I would have with me a book, or copies of The Dandy and The Beano, but I rarely looked into them, preferring to gaze out in wonder as the fields rushed by.

When you spent your days in an industrial slum, the panorama of greenery was almost as exciting as the seaside itself. I don’t think it’s only the nostalgia of age that persuades me there was innocence in those days.

For example, granddad and grandma once took me to Scarborough when it was the week of the cricket festival. One morning they left me at the ground with a shilling and instructions to mind my Ps and Qs and to meet them under the clock at 6pm. Just as they were giving me my orders for the day, a well-dressed man appeared and said: “I’m a member here. I’ll take the lad in with me.”

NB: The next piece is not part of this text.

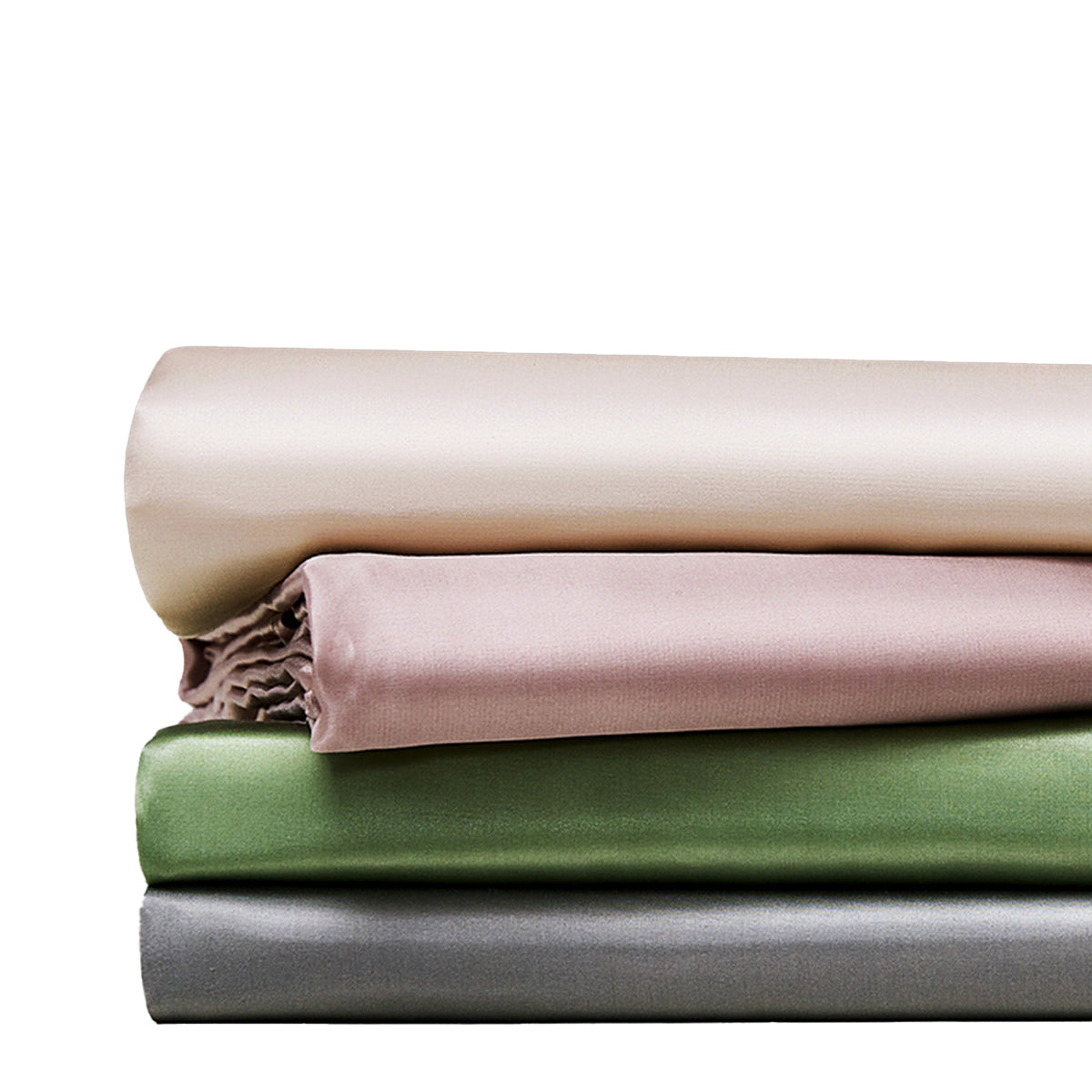 Mulberry Silk Flat Sheet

Wow — they’d have him for a paedophile these days. But not in 1955. He took me in to the best seats and fed me pies and dandelion and burdock all day long. Yorkshire versus Notts and Fred Trueman did the hat-trick.

But I hate the trains these days. The constant announcements, often in a voice which is both hideously loud and indecipherable.

The nannying injunction to “remember to take all your personal belongings with you”.

Worst of all, the sight and sound of all your fellow passengers — or “customers” as we are now obliged to call ourselves — peering at their electronic gadgets, uttering continuous banalities into their portable phones and otherwise living out their private lives in public.

I’m sure it’s sexist of me to suggest that it’s the smart women in their twenties and thirties who are the most adept at talking relentlessly without saying anything: “So I was, like, on my way to the shops and, like, I bumped into Gemma and I went, like, ‘O my God!’ So she was, like, ‘Where have you been all this time?’ So I was, like, telling her I’d been living in Cleckheaton since the New Year with Toby.”

I think there must be syntactical rules governing this ubiquitous form of inanity, like every sentence must contain more than seven utterances of “like” and at least one “O my God!”

Whatever happened to looking out over the fields or reading The Dandy?